• **The problem**
As the answer, return precisely the lines from the one containing "Alloy wheel Speedline" to the final line of the material below, inclusive, and omit every picture.

• **Collected material**
++++

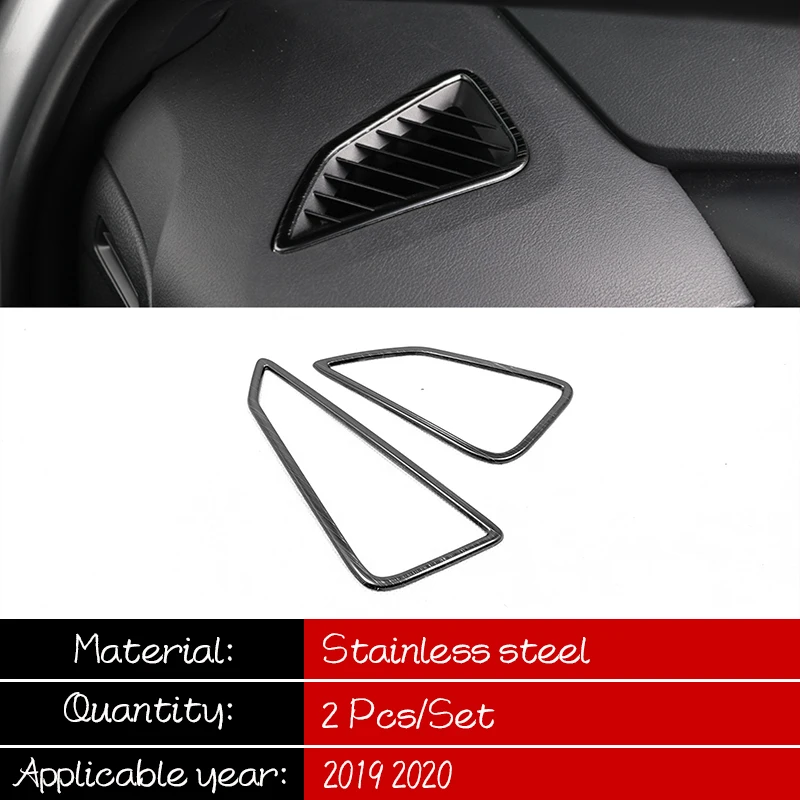 Нержавеющая сталь для Toyota Corolla 2019 2020 автомобильные аксессуары Передняя маленькая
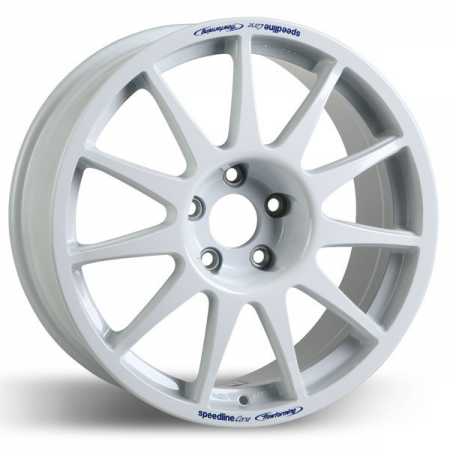 Alloy wheel Speedline Turini 18, 8x18, ET=58, PCD=5x135, CB=100, White, Ford Fiesta R5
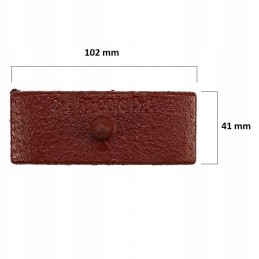 Dangtis spaustukui, tvirtinančiam kultivatoriaus noragą, 50 mm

++++

• **Exercise response**
 Alloy wheel Speedline Turini 18, 8x18, ET=58, PCD=5x135, CB=100, White, Ford Fiesta R5
 Dangtis spaustukui, tvirtinančiam kultivatoriaus noragą, 50 mm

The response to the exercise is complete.